ENDERBY (dpa-AFX) - Next plc (NXT.L) reported that its profit before taxation for the 52 weeks to 26 January 2019 declined to 722.9 million pounds from 726.1 million pounds last year. The company proposed a final ordinary dividend of 110 pence taking the total ordinary dividend for the year to 165 pence, an increase of 4.4% on last year.
The company noted that the year to January 2019 was challenging for NEXT as it continued to experience a structural change in business, with sales continuing to transfer from its stores to online.
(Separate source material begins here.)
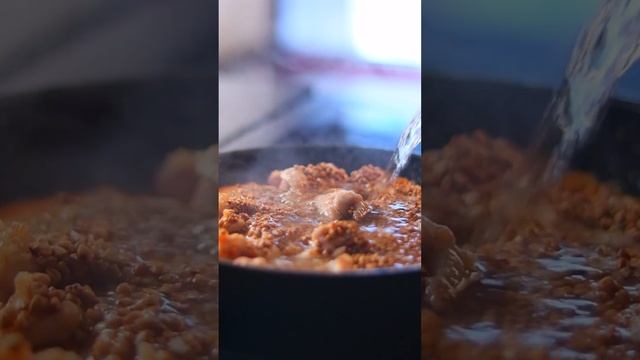 Великолепная идея для вкуснейшего обеда или ужина в одной сковородке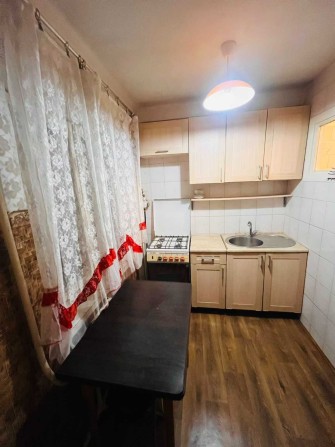 Здам 3к квартиру поблизу метро Вокзальна вул. Кавказька 9 - фото 1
There is still a great deal of uncertainty around the exact shape and form of the UK's future relationship with the EU. The company can see no evidence that this uncertainty is affecting consumer behaviour in sector, Next said.
Profit attributable to equity holders of the Parent Company for the year decreased to 590.4 million pounds, from 591.8 million pounds last year, while earnings per share improved to 433.0 pence from 415.7 pence in the previous year.
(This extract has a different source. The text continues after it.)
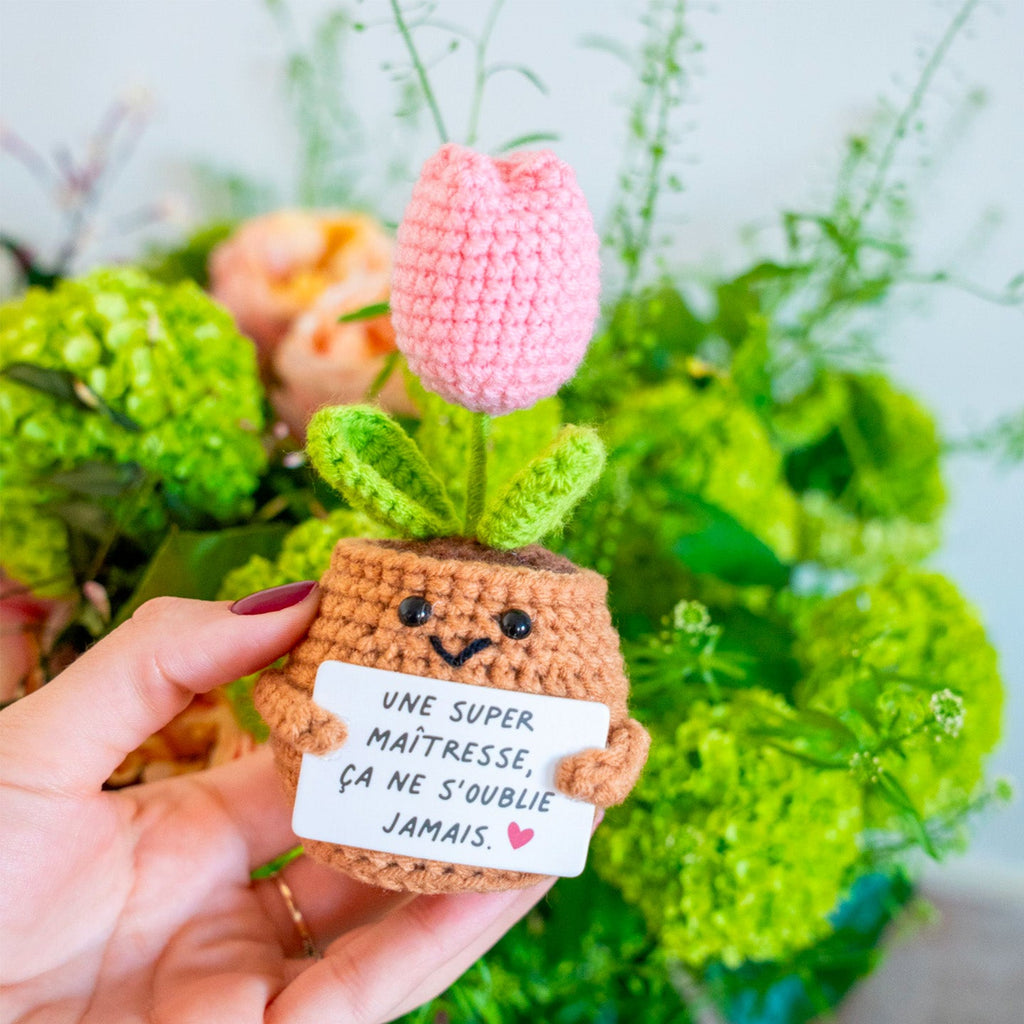 Tulipe au crochet rose avec message Une super maîtresse ça ne s'oublie jamais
Total revenue, including credit account interest, grew to 4.17 billion pounds from 4.09 billion pounds in the prior year. Full price sales were up 3.1%. Online full price sales increased by 14.8% and Retail full price sales declined by 7.3%.
The company noted that its central guidance is based on full price sales for the year ahead being up 1.7%. This is in line with our performance in the second half of last year.
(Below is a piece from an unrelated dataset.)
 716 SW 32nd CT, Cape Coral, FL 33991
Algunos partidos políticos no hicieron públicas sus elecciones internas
Although the company anticipates that total sales will grow in the year ahead, Next forecasts for profits to marginally decline.
At central guidance of full price sales growth of 1.7%, the company estimates that Group profit before tax would be around 715 million pounds, down 1.1% on last year. It expects earnings per share to be enhanced by 4.9% as a result of the continuing distribution of surplus cash generation in the form of share buybacks. As a result, earnings per share for the full year are expected to rise by 3.6%.